The savings in bandwidth requirement per leaf provided by these optimisations, at minimal extra cost to the hub in terms of CPU and memory requirements, allow a typical hub to serve a much larger number of leaves that it would normally be able to. This helps to increase the average leaves per hub, and with appropriate hub promotion control, reduce the total number of hubs. To map that back to the original assertion, it reduces the relative cost of contacting each hub and therefore also the amount of time taken to perform a search.
Leveraging Inter-Hub Communication
Gnutella2 also makes another key optimisation. Assuming the total number of hubs cannot easily be reduced any further, there are other ways to reduce the relative cost of contacting each hub and reduce the effective number of hubs which actually need to be contacted.

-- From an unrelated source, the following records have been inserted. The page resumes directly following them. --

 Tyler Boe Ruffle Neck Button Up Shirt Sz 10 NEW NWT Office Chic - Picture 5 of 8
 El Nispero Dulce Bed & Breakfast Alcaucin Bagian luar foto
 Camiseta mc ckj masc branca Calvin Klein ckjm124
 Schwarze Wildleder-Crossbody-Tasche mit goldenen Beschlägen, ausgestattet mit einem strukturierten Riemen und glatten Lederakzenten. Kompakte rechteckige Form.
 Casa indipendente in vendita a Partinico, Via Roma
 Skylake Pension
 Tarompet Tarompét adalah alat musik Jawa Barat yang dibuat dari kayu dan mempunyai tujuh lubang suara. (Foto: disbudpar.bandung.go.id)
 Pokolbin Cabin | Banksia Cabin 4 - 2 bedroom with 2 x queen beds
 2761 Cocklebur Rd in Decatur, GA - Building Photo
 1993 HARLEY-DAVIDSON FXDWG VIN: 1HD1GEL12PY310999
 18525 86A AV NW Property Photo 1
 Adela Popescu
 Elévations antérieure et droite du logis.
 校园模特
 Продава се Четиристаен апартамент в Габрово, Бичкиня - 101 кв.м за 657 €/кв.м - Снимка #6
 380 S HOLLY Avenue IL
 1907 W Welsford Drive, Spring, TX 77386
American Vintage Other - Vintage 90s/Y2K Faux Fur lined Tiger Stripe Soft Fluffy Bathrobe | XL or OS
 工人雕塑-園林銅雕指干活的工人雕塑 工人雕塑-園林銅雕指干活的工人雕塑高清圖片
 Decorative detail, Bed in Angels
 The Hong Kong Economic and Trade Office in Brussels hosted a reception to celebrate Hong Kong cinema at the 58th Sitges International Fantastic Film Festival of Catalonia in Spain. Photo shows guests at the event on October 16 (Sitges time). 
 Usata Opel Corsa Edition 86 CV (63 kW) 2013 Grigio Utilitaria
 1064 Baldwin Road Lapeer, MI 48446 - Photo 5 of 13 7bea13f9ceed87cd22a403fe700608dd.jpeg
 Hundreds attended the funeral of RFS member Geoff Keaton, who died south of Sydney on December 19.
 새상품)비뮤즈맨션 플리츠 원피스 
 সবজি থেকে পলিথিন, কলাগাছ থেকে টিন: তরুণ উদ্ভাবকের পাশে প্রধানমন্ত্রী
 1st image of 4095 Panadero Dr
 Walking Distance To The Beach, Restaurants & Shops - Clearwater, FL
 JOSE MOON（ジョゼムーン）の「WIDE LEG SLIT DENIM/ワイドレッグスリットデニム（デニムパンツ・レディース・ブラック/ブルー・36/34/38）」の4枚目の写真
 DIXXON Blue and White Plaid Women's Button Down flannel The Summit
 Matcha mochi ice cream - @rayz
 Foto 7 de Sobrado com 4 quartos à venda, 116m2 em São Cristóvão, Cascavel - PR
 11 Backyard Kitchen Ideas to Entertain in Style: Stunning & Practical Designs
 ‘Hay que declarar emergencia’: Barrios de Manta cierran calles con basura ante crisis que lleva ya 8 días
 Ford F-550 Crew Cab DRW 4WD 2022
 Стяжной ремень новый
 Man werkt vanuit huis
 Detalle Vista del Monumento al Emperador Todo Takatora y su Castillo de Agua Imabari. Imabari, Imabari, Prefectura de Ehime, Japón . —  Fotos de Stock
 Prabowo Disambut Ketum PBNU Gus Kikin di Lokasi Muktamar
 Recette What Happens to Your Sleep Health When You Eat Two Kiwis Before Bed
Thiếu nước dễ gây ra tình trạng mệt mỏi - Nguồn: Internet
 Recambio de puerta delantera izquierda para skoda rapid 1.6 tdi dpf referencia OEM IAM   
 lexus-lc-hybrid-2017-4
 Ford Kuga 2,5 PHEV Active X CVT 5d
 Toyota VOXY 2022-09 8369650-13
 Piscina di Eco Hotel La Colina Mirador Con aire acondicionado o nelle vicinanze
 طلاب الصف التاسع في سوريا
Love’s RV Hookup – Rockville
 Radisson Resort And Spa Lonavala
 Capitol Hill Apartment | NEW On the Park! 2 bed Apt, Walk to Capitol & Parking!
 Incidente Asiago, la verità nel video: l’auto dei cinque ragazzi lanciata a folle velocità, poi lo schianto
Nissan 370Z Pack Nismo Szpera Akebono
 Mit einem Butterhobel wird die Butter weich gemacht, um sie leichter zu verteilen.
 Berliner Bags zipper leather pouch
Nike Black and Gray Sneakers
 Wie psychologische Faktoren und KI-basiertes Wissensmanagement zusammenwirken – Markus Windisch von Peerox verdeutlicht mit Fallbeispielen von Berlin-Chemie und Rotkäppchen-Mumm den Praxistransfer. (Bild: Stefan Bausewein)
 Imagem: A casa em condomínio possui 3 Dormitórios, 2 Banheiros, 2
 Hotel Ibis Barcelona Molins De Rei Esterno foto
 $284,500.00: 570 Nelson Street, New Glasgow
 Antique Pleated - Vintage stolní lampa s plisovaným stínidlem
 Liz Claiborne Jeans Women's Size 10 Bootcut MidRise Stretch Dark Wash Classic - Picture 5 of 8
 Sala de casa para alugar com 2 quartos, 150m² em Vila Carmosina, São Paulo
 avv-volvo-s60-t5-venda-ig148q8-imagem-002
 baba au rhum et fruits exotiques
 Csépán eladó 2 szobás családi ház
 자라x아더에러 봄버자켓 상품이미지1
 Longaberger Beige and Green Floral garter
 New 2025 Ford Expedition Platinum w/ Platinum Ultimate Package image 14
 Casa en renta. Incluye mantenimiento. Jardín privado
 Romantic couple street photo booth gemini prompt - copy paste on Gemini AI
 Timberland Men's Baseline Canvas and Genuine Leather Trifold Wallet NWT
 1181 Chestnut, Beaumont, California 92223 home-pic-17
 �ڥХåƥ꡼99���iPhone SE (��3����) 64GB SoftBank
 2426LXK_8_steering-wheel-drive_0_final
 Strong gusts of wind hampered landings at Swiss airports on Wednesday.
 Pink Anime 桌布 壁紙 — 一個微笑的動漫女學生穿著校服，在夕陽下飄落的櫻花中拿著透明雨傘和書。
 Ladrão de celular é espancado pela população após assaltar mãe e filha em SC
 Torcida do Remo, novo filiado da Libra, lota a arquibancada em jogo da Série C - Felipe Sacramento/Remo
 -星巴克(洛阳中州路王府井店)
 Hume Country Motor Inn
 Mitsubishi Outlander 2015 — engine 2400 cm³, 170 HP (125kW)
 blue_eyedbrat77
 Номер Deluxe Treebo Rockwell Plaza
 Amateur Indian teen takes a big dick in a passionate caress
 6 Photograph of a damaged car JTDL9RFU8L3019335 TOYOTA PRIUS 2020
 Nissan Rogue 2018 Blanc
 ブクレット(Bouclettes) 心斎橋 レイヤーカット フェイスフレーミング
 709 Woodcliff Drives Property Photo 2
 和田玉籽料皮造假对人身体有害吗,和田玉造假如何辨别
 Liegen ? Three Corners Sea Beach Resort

In the Gnutella2 search model, when a particular hub receives a query from a query originator, it not only processes it locally and forwards it to its leaves (where relevant), it also forwards it to its neighbouring hubs. These hubs in turn process the query locally and forward it to their leaves (where relevant), however they do not forward it any further. To make a comparison with the Gnutella1 broadcast model, this is similar to executing a query with TTL=2. In Gnutella2 there are no TTLs involved, rather fixed routing rules are used to ensure that any hub receiving a query will always forward it to its leaves, and may forward it to its neighbouring hubs if the origin was not already a neighbouring hub. The "two level" approach is not arbitrarily chosen, and its significance is detailed later.
This behaviour means that for the cost of sending a query to a single hub, a small "cluster" of connected hubs are actually searched. For a typical hub with 5 neighbours, 6 hubs and their leaves are searched at once. In essence, "hub clustering" offsets Gnutella's lower average leaves per hub. The elimination of broadcast "flood" traffic also means that hubs could actually have a higher number of neighbour hubs, further increasing the cluster size and lowering the cost per contact.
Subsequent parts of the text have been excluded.